— PROVIDED ENTRIES —
════════════════

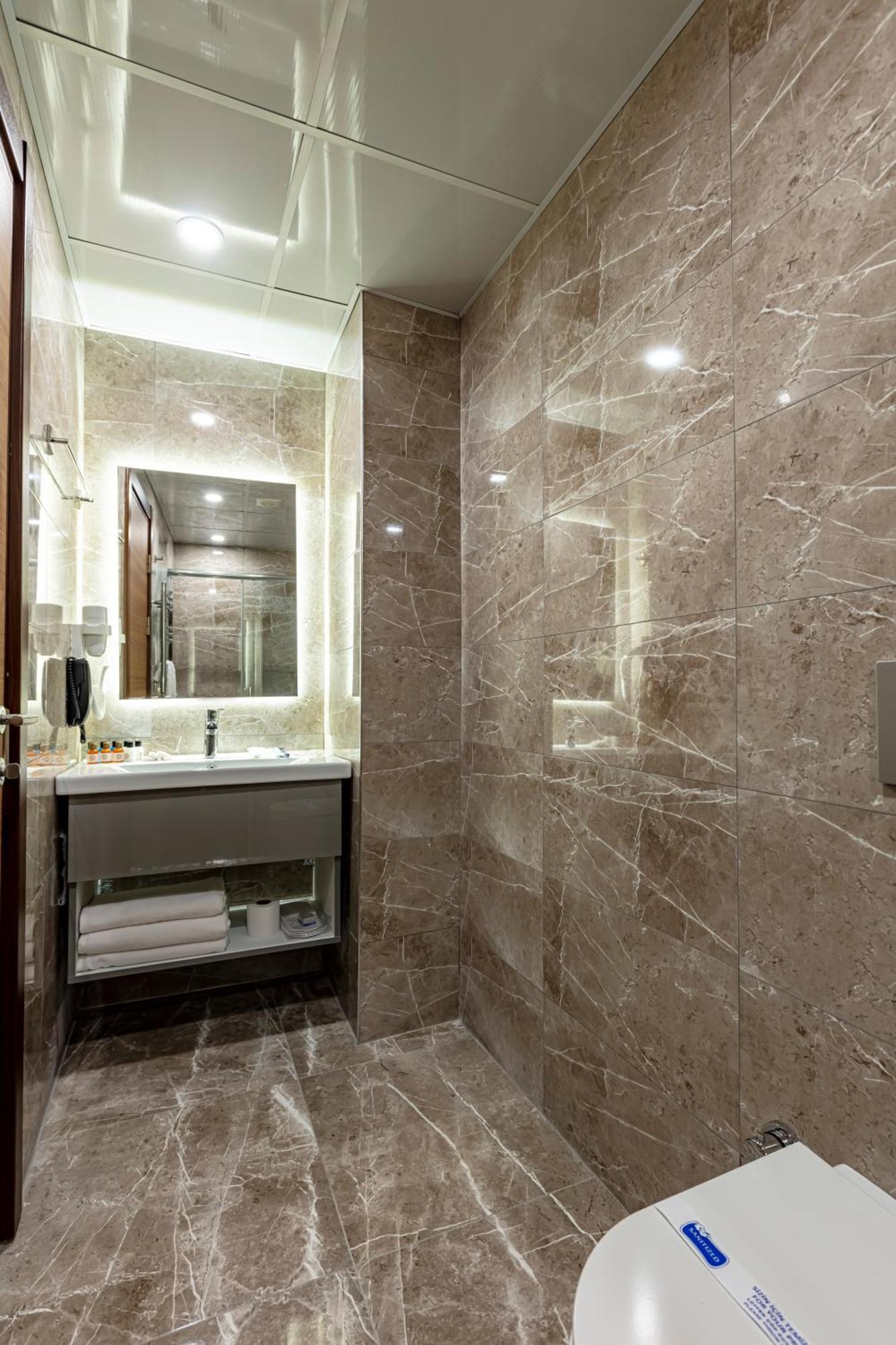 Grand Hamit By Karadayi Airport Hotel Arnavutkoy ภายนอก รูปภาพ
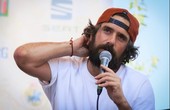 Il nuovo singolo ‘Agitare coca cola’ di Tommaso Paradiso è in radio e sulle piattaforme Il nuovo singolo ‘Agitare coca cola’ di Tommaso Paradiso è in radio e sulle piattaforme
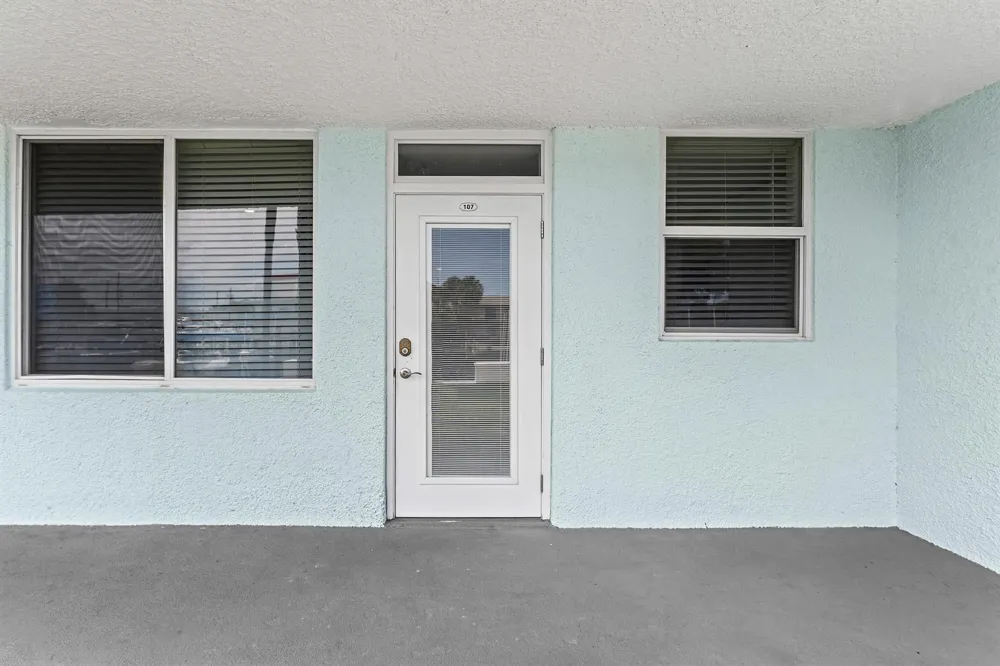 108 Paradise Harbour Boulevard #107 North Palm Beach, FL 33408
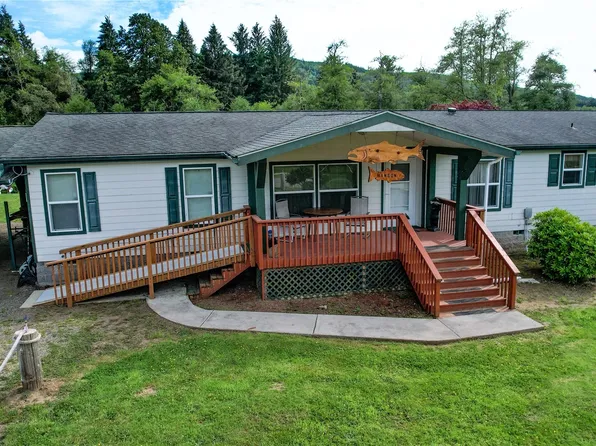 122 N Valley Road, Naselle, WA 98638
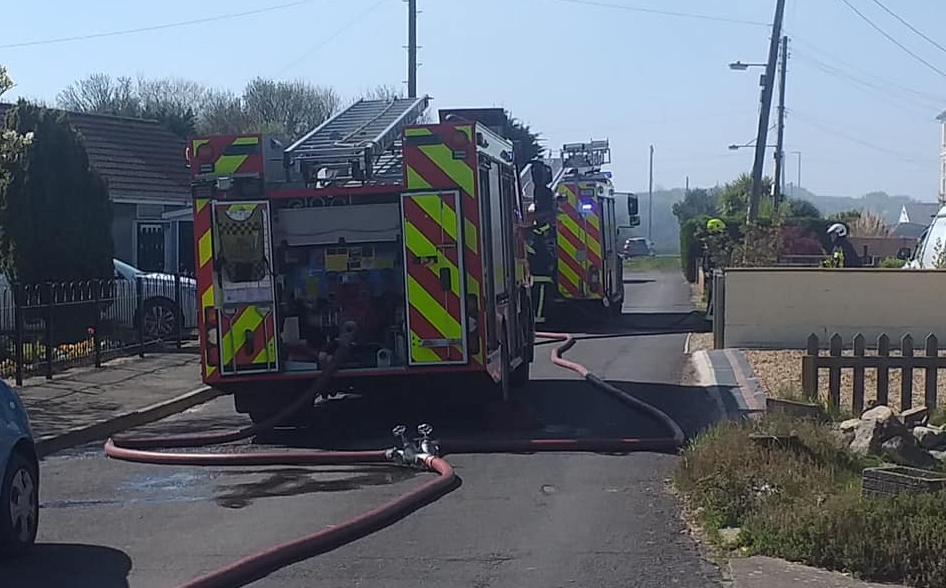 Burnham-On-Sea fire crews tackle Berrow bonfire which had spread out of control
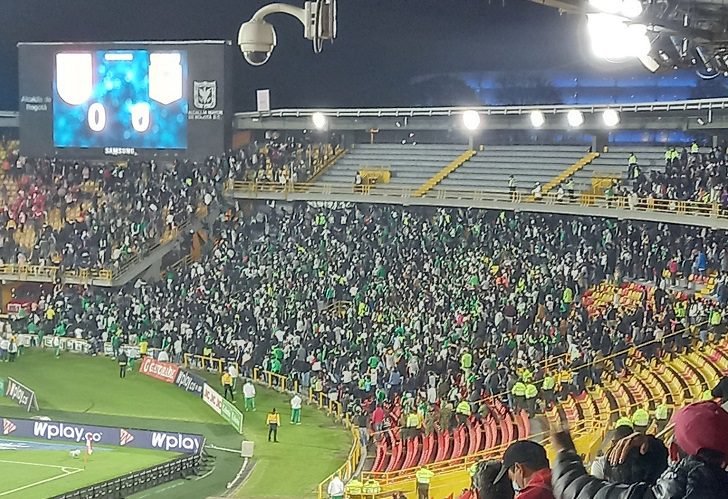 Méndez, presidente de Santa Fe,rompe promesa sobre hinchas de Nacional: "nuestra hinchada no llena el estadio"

════════════════

— WORK ORDER —
What is needed is a verbatim copy of the lines running from the one with "122 N Valley Road, Naselle, WA 98638" through the last line of the listing above, excluding any pictures.

— ANSWER TO THIS PROBLEM —
 122 N Valley Road, Naselle, WA 98638
 Burnham-On-Sea fire crews tackle Berrow bonfire which had spread out of control
 Méndez, presidente de Santa Fe,rompe promesa sobre hinchas de Nacional: "nuestra hinchada no llena el estadio"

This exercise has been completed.